Set out exactly every line of the entries below, starting at the line that holds "45 Maleena Mesa" and stopping after the line that holds "寇世勳跟鮑起靜在《一家之主》中合演夫妻。(圖/台北双喜電影提供)".

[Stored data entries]
####################
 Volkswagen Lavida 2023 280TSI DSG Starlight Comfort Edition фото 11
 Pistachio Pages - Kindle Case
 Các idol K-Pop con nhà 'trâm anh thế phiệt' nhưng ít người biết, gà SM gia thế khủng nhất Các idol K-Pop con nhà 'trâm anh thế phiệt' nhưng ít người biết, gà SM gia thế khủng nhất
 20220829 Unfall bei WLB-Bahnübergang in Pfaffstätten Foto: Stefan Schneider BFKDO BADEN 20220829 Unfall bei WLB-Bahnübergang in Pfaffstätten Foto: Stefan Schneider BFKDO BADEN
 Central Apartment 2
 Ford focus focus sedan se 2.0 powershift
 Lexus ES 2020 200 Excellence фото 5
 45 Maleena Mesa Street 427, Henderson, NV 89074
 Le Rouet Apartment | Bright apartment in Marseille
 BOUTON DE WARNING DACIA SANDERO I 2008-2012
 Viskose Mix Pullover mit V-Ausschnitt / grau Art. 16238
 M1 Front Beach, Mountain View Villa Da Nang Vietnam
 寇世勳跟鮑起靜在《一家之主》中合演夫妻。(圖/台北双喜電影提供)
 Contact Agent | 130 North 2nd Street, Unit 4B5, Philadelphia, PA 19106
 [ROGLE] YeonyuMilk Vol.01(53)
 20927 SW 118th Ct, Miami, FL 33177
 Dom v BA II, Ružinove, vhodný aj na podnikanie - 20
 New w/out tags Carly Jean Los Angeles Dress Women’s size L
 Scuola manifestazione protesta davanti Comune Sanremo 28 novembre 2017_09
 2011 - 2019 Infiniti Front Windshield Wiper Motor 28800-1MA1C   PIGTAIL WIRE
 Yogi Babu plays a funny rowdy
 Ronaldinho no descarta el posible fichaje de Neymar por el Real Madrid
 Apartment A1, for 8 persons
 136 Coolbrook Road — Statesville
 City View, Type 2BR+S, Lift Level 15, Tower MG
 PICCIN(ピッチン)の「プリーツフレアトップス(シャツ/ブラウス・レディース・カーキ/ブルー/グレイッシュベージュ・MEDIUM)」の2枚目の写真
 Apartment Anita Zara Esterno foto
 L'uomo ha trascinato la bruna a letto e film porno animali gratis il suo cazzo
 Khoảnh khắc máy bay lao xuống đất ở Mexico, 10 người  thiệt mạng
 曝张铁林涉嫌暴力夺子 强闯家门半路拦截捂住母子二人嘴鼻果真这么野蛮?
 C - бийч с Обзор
####################
__Solved exercise__:
 45 Maleena Mesa Street 427, Henderson, NV 89074
 Le Rouet Apartment | Bright apartment in Marseille
 BOUTON DE WARNING DACIA SANDERO I 2008-2012
 Viskose Mix Pullover mit V-Ausschnitt / grau Art. 16238
 M1 Front Beach, Mountain View Villa Da Nang Vietnam
 寇世勳跟鮑起靜在《一家之主》中合演夫妻。(圖/台北双喜電影提供)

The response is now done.